What to work on: Take the lines in the listing below from the line with "リクライニングチェア 回転座椅子 座いす ポケットコイル 座椅子 回転" up to and including the line with "專精特新| 貴州加快構建新型建材產業體系 助力綠色低碳發展" and set them down exactly, skipping pictures and adding nothing.

Records supplied:
· · · · ·
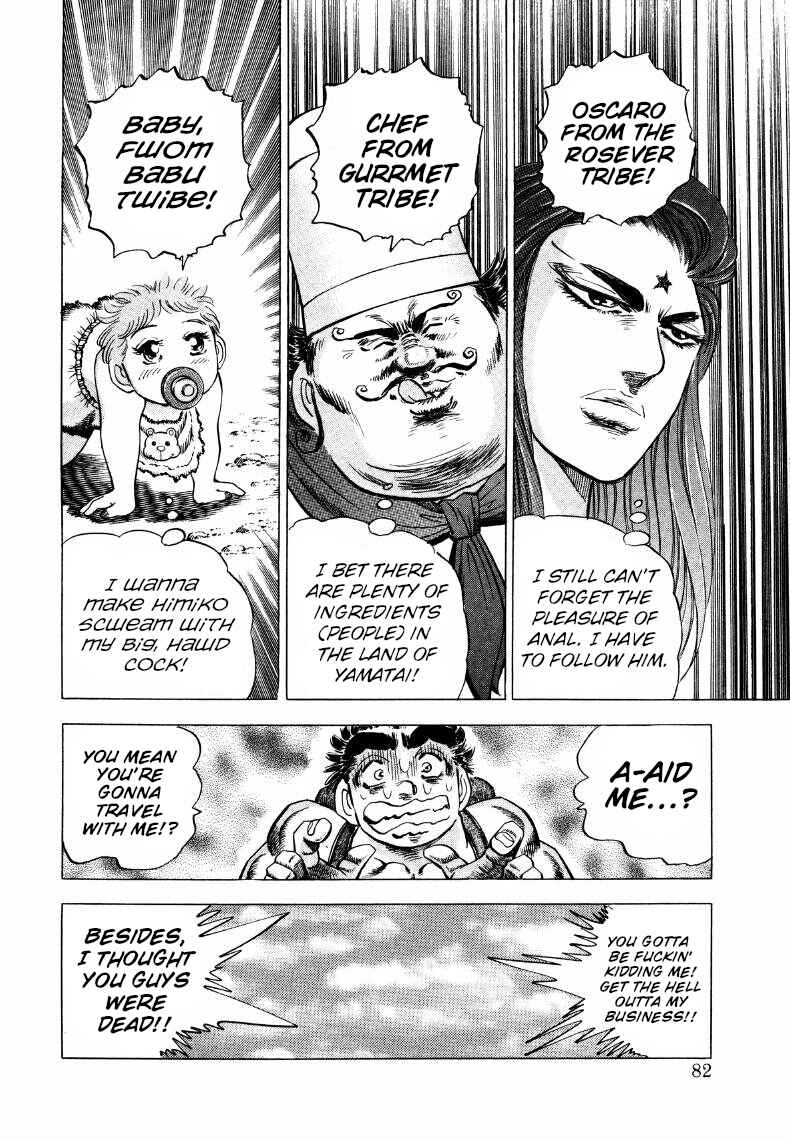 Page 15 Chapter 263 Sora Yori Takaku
· · · · ·
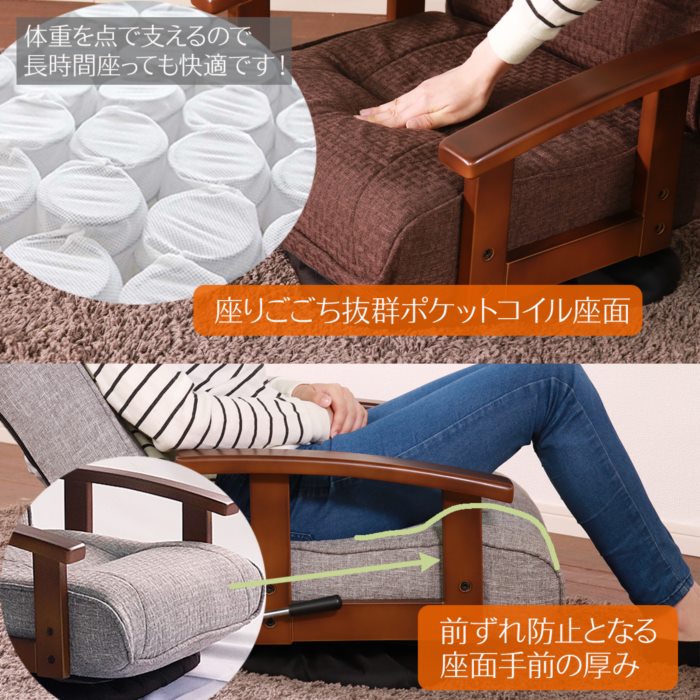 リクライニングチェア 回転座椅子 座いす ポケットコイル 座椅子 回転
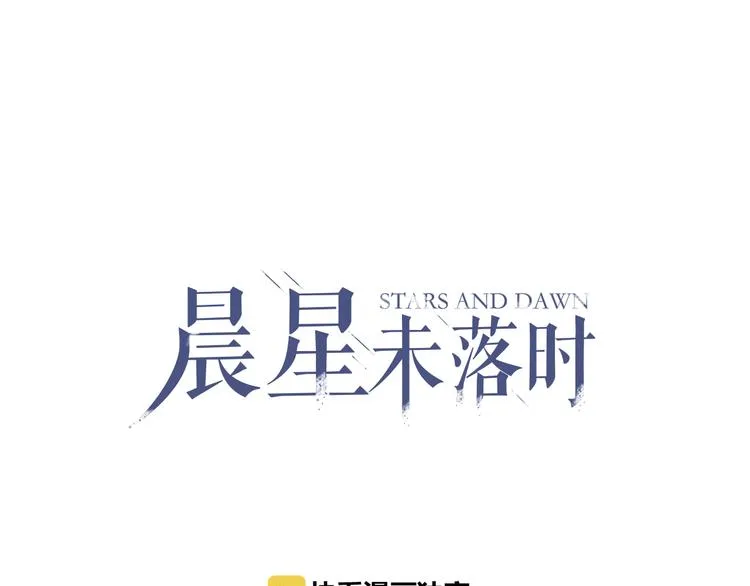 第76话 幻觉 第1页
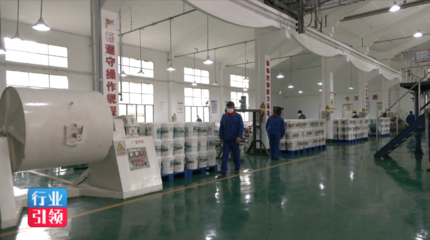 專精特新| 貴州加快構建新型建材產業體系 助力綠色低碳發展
· · · · ·
Reply to the exercise:
 リクライニングチェア 回転座椅子 座いす ポケットコイル 座椅子 回転
 第76话 幻觉 第1页
 專精特新| 貴州加快構建新型建材產業體系 助力綠色低碳發展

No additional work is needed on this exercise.